Suzy Weiss’ piece was a more lighthearted take on the shooting, remarking on the generally cavalier behavior of the men in the room. But almost every other first-person account I’ve read of the event also makes it seem as though bullets were whizzing over the banquet tables, when in reality the only rounds fired were lodged in the walls (and one unlucky agent’s body armor) downstairs. Another FP reporter, Olivia Reingold, narrated the event into her front-facing iPhone camera as she huddled beside her table. “Tip for younger reporters: point your camera at the thing that’s happening,” writer Chris Hooks quipped on Twitter.
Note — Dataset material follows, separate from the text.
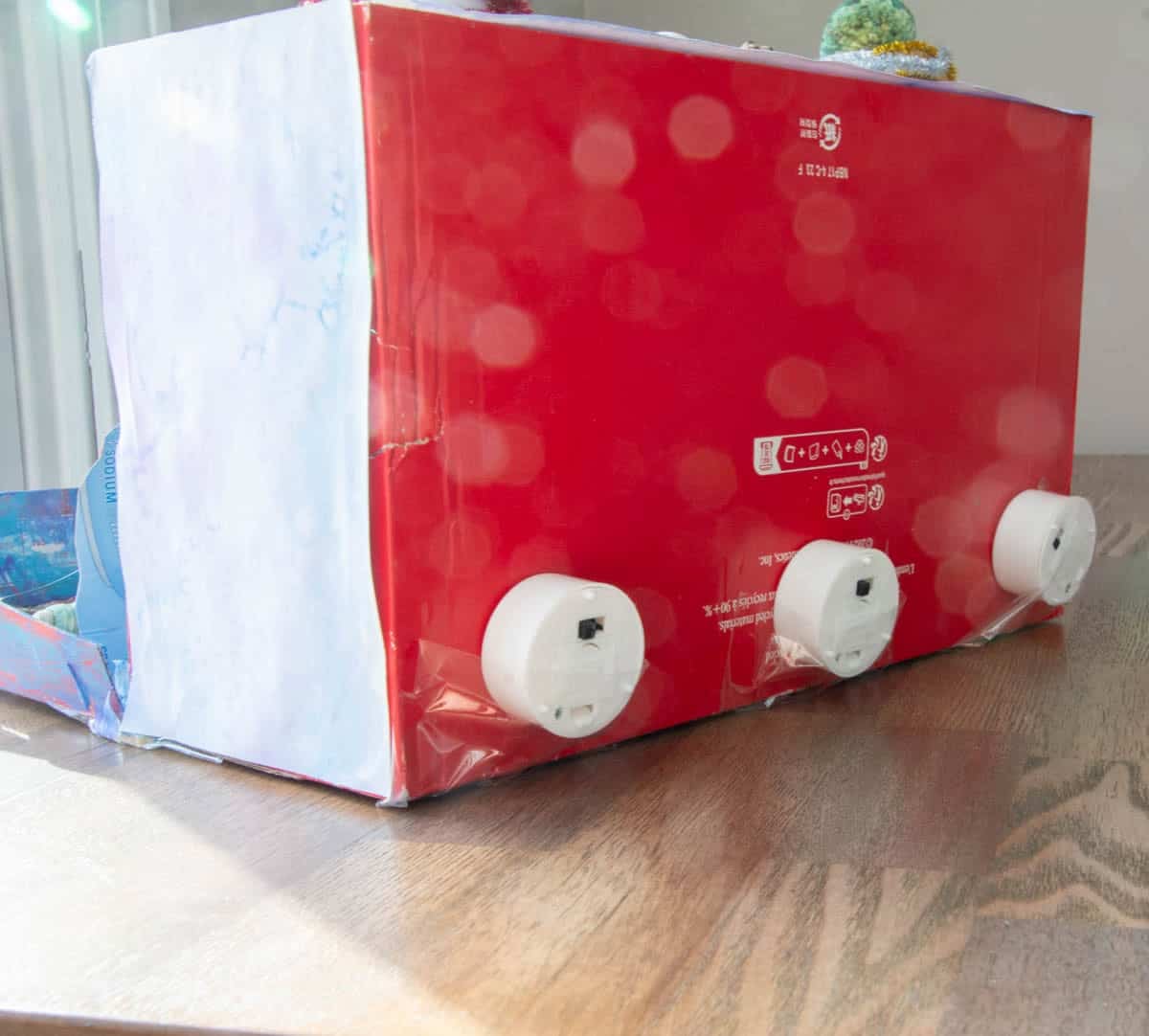 teal lights into the back of a shoe box.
As the evening continued, so did the self-worship. Journalists praised each other for running to the subsequent press briefing in formal wear, for continuing to do their jobs under great pressures, and for generally being around and looking better than they normally do on a daily basis while a man so disgusted with the current status quo tried ineffectually to kill the sitting president. The president, for his part, also praised the press, before touting his leadership instincts in the heat of the moment during a gauzy 60 Minutes interview the following day. Everyone, in other words, came away feeling pretty good about themselves.

The Correspondents’ Dinner has been criticized for exactly this kind of chummy fraternization for years. The most common critique is simple: It looks bad that an organization set up ostensibly as a check on the nation’s most powerful executive hosts an annual dinner honoring said executive, with jokes and drinks and the kind of generally mediocre food that any event serving more than 25 people will inevitably have. CBS, for instance, brought both Trump puppeteer Stephen Miller and Secretary of Defense Pete Hegseth, who frequently berate the press, to the event as official guests of the network. Donald Trump attended the event for the first time as president, which is about as clear of an indication of the greater WHCA’s disposition towards him that you can get. At nerd prom, the president gets to be king.

Which brings us, in a roundabout way, back to war stories. The problem with the WHCD and the problem with war stories is, essentially, the same thing. As a foreign correspondent, you have access to something fascinating and horrific and powerful: violence. You will see, as a part of the job, moments of loss and pain and fear and tremendous human courage, all alongside things so nihilist and cruel that you will wonder how this species ever made it out of the days when we beat each other to death with rocks. It is intoxicating. It makes you feel important and interesting. Your colleagues take pictures of you in flak vests and khaki clothing.

You get a certain version of the same thing as a politics reporter. Like war, politics reporting often gives you a certain proximity to the fascinating inner workings of power. You get lanyards and hall passes rather than kevlar, sure, but the everyday circumstances of your work make the case that you are someone important and valuable. If you weren’t, they wouldn’t let you in the room, right?

But like war, the fallacy here is the same. Proximity to something is not purpose. You are not in the room to take a picture with the president, you are not at war in order to make yourself look cool. You are there to do a job, and if you’re not doing that job, then hanging around in a war zone or the White House makes you a tourist. The point of being in close proximity to power is so you can examine it and evaluate the people wielding it. You’re supposed to find the people that it harms — the little guys, the ones that the soldiers and presidents squish under their boots or black wingtips.

If someone takes a shot at the president, your job isn’t to praise his heroics and resolve in being swiftly escorted out of a room by a phalanx of armed men, or to praise your own resolve as you duck for cover under a table. It’s to figure out why a college-educated white-collar worker got so fed up that he decided to tear up every last shred of the social contract we live under. It’s to examine why he picked that event, why he chose that specific target. Along the way, it might be worth taking a hard look at what your own participation in a gilded celebration of a violent regime says about the job you’re claiming to do. If the answers to those questions scare you, then maybe it’s time to find a new line of work.